MSAs, by shifting health expenditures into the private realm, would reduce community sharing. For the less wealthy and educated MSAs may generate anxiety over both their financial resources and the quality of their decision making when facing a medical crisis.

Nevertheless, the proposals for MSAs have the virtue of broadening what has been a narrow debate on health care, and they do raise some basic issues about intergenerational equity. They would partly overcome the actuarial problem of health insurance, public or private, being pay-as-you-go, rather than actuarially funded to cope with the needs of an ageing population. (The same issue is bugging Social Security in the USA.)

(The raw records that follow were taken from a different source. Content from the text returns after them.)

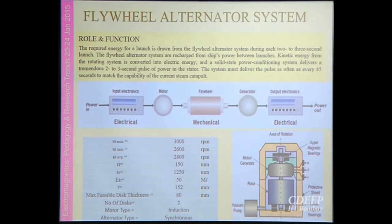Another system is the flywheel alternator — how to generate a huge amount of power for short duration. The literature suggests going for the flywheel alternator, integrating a motor, flywheel, and generator together. The maximum speed could be 3000 RPM, though questions of ship stability arise at higher speeds. The number of discs is two. The motor is considered as an induction motor and the alternator as synchronous.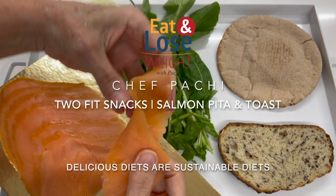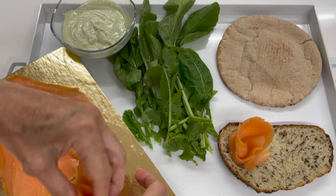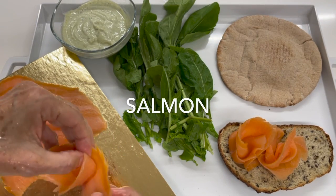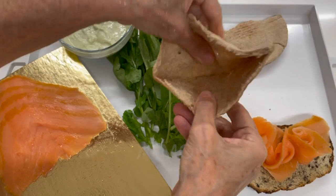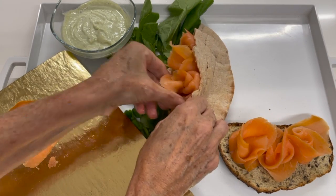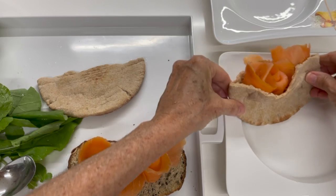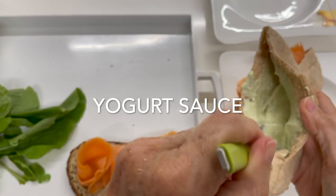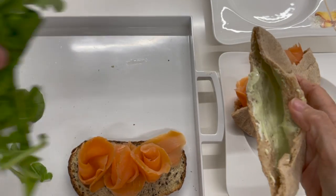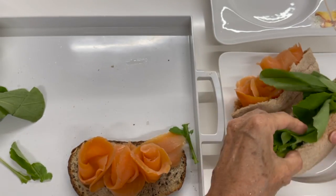Two amazing fit snacks with salmon. We're going to do salmon florets — if you haven't seen that video, go check it out. It's short and super easy; all you have to do is fold them and turn them around. We're using some whole wheat pita, adding a delicious yogurt sauce, some arugula, and the other part of the pita has the salmon.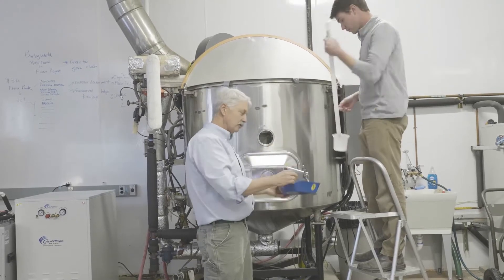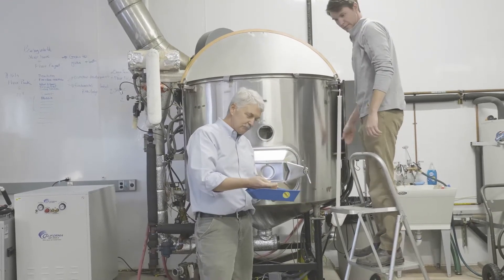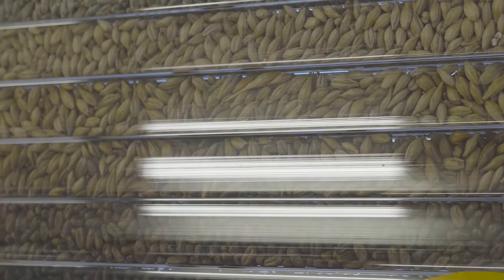We have a new project on organic naked barley, and the premise is that we can develop multi-use naked barleys. The naked barley can be used for food, for malting, brewing, distilling, and for animal feed purposes.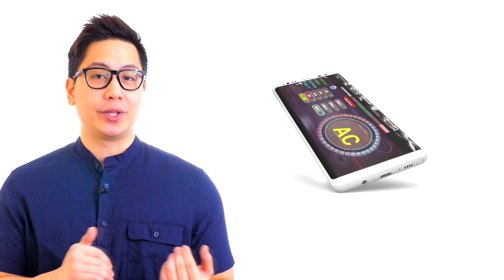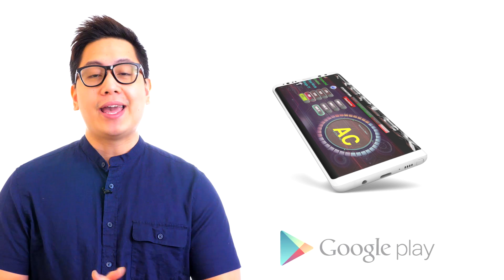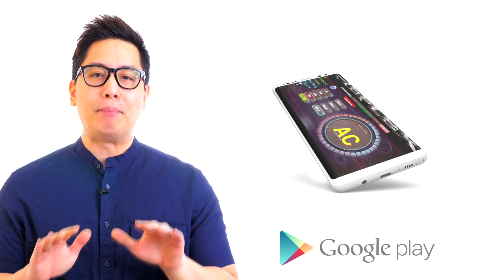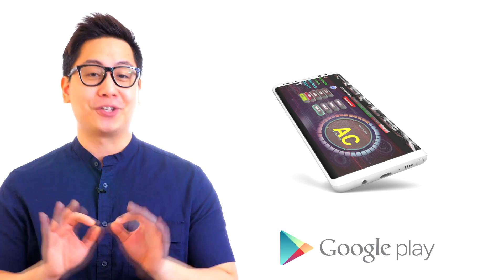Just mount the sensor module, download our free Android HUD control interface from the Google Play Store, and you'll have a complete collision avoidance system rivaling the big brand names on the market for a fraction of the cost.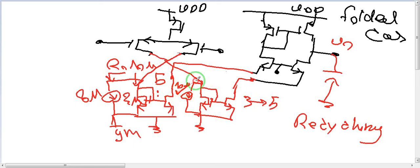So those are the two things we learned today: recycling folded cascode, and how to use those added current sources to handle DC while keeping the AC in the signal path. If you have questions, please email me — you can find me on the internet by searching my name. Goodbye!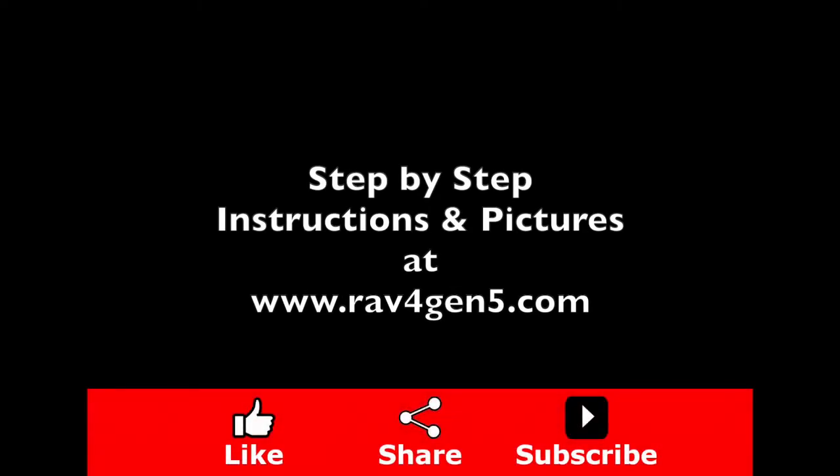For step-by-step instructions and pictures, visit RAV4Gen5.com.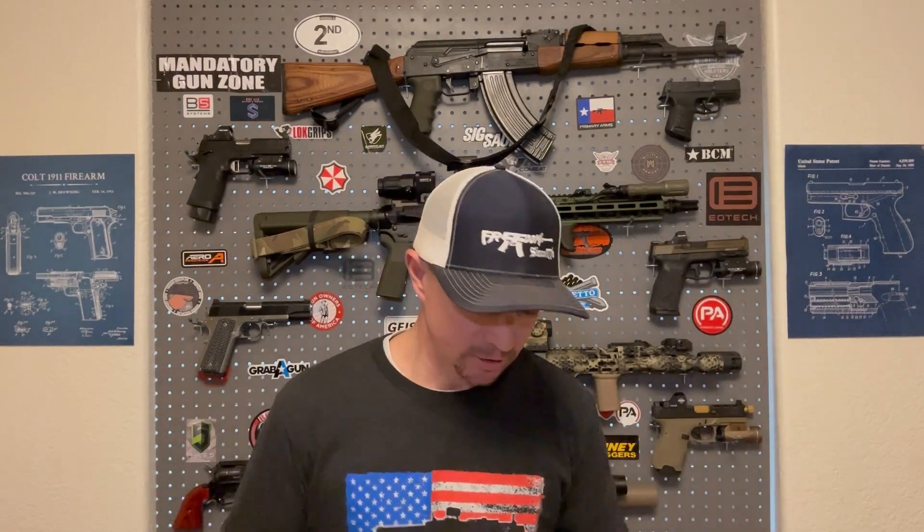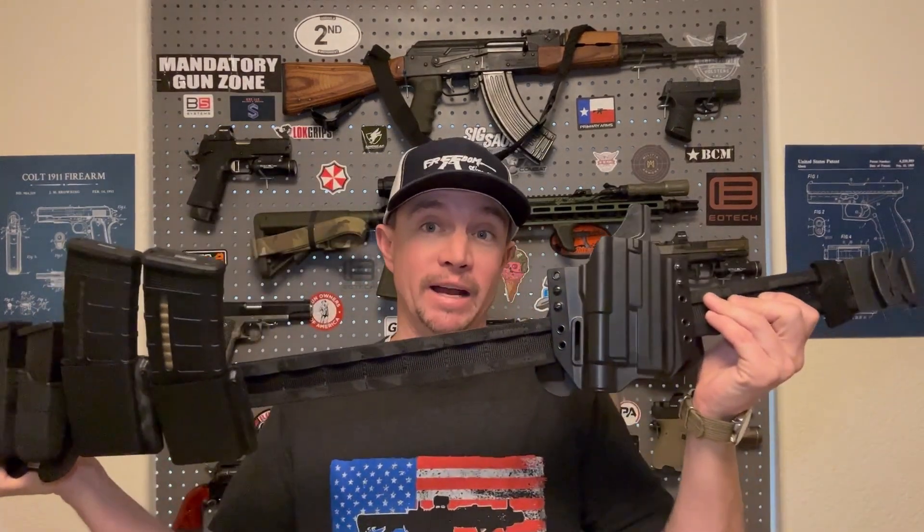I'm going to tell you why I like the Core Essentials battle belt so much. You guys know I'm not usually out there in full kit — I don't even own a plate carrier. But it is nice to have something on you that holds all your magazines, your holster, and everything else while you're at the range. A big part of owning firearms is being prepared for that SHTF situation. If something like that happened, I'd like to have something I could throw on real quick with extra magazines and gear.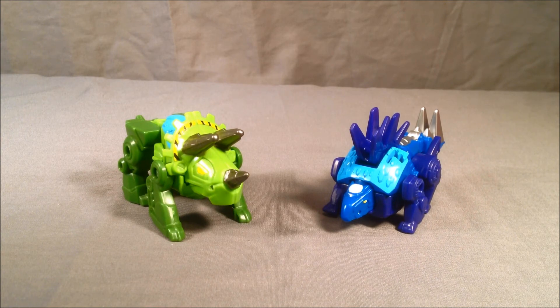I definitely recommend them. Please let me know what you guys think in the comments. Please like and share this video, and please make sure you're subscribed. There'll be links in the description for my Facebook and Twitter — please follow me on there as well. I hope you've enjoyed this look at the Transformers Rescue Bot Dinobots Chase and Boulder. Thanks for watching!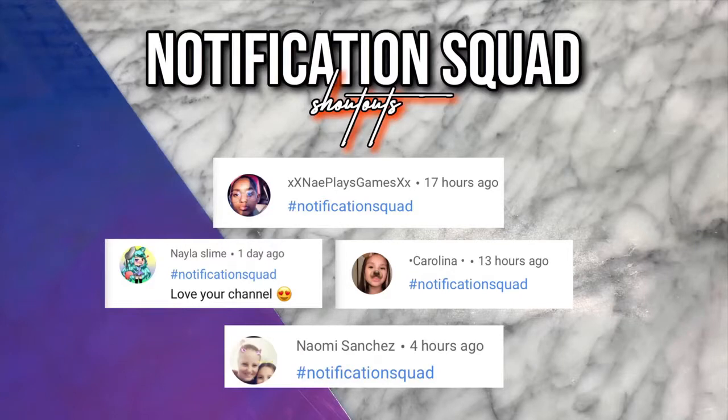Notification squad shoutouts for today's video go to Nae Plays Games, Nala Slimes, Carolina, and Naomi Sanchez. If you would like to be in my next video and get to be on the screen, all you have to do is comment down below 'notification squad' after you have clicked the notification bell and subscribed to my channel.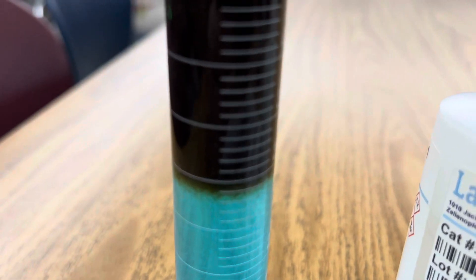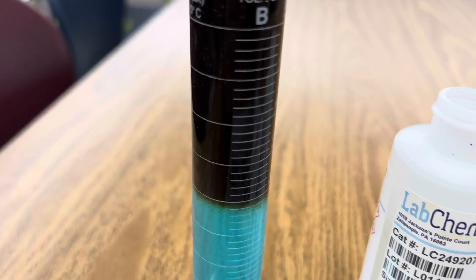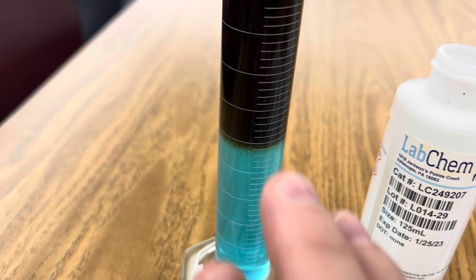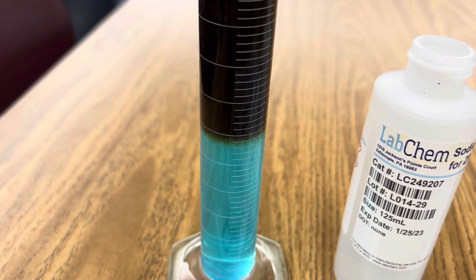It's very dark and will be suspended for a few minutes, until you'll actually see dark crystals of copper sulfide start to precipitate out of the solution.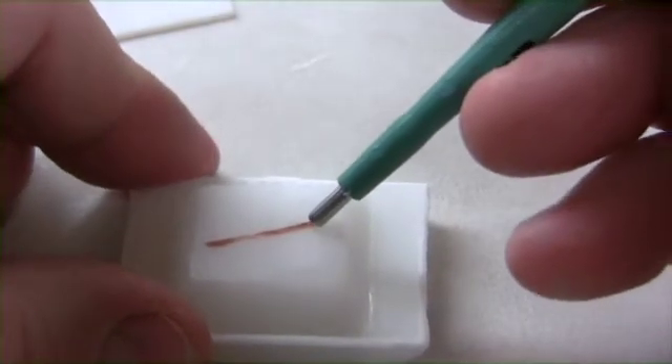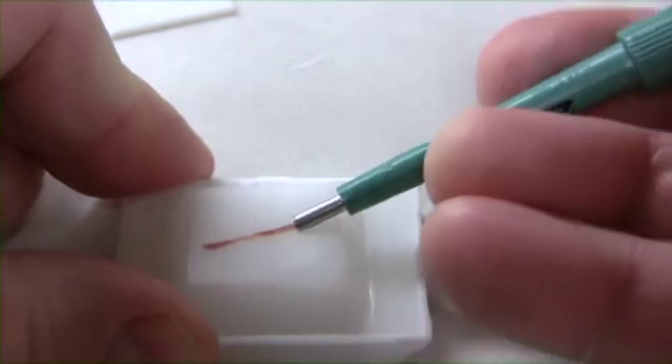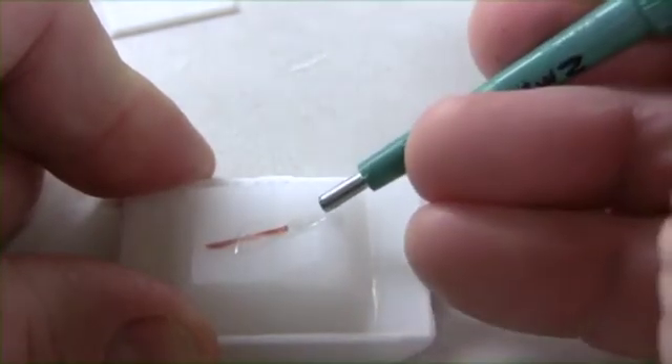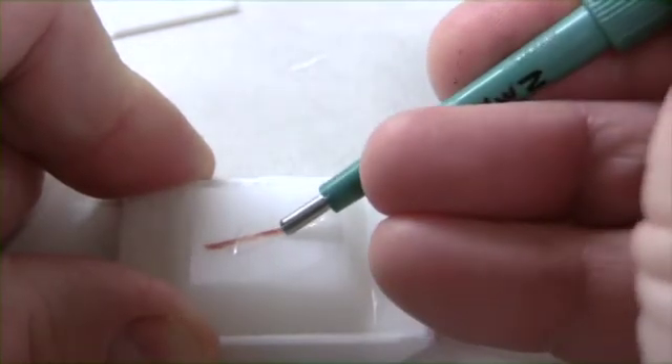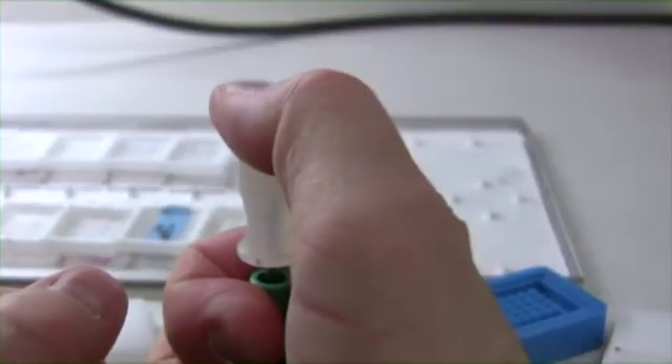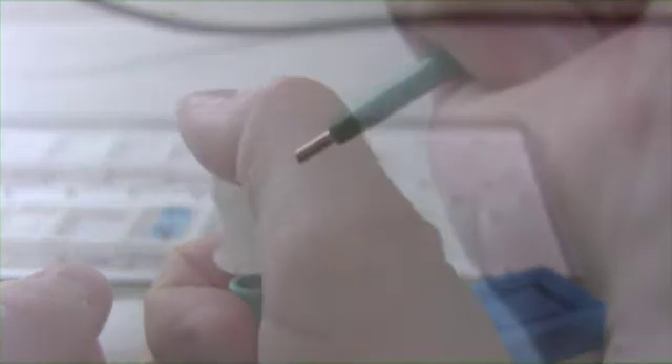In the past, technicians would do a double or triple punch to fill a needle. This type of technique creates sporadic tissue throughout the core. When that TMA is cut, these cores will pop out causing blank spots in the TMA. It's best to fill the needle then pack it. This will create a solid core, also called a sausage core.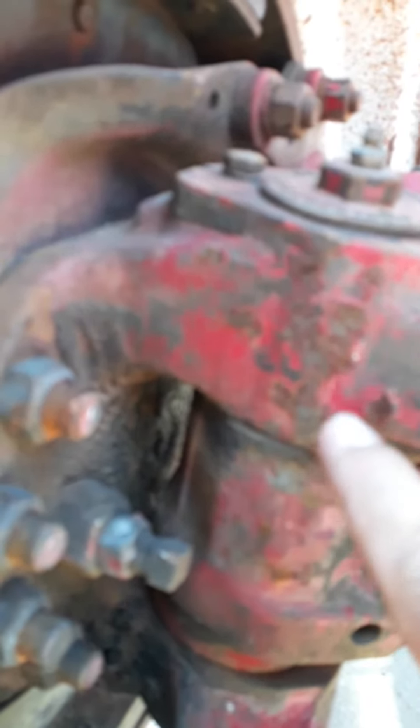You've got to think: the tire's pushing up on this lower, keeping it from going down anymore. The weight of the truck is pushing down on this axle. So your play is going to be between the top of the axle and the knuckle.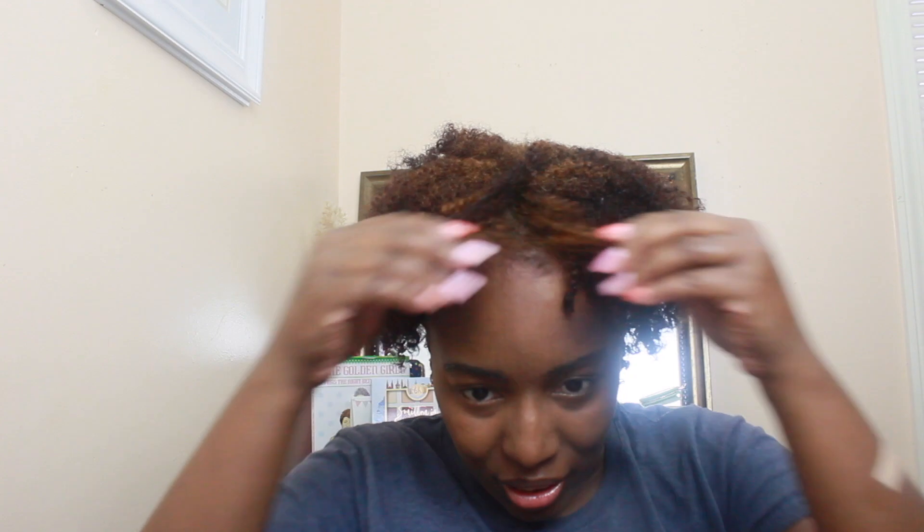My hair is freshly washed and deep conditioned and I also did my rice water treatment in my hair. And this is my hair with no product. It's super soft. I use the Main Choice Amazonia hair collection shampoo and deep conditioner. And I'm really loving how my hair looks and feels.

Actuarial funding – the accumulation of balances to cope with an ageing population – looks attractive from certain perspectives. Some would say that Medicare should be actuarially funded, perhaps with its one mini ‘future fund’. But before considering specific proposals such as MSAs we should be asking whether we want to replace pay-as-you go funding with actuarial funding.

We may find actuarial funding attractive, or we may decide the best thing a government can do for the next generation is to invest in necessary public goods so as to improve the productive capacity of the nation, and to ensure there are plenty of medical professionals being trained to cope with growing health care needs. That way the next generation will have the means to support pay-as-you-go health care funding.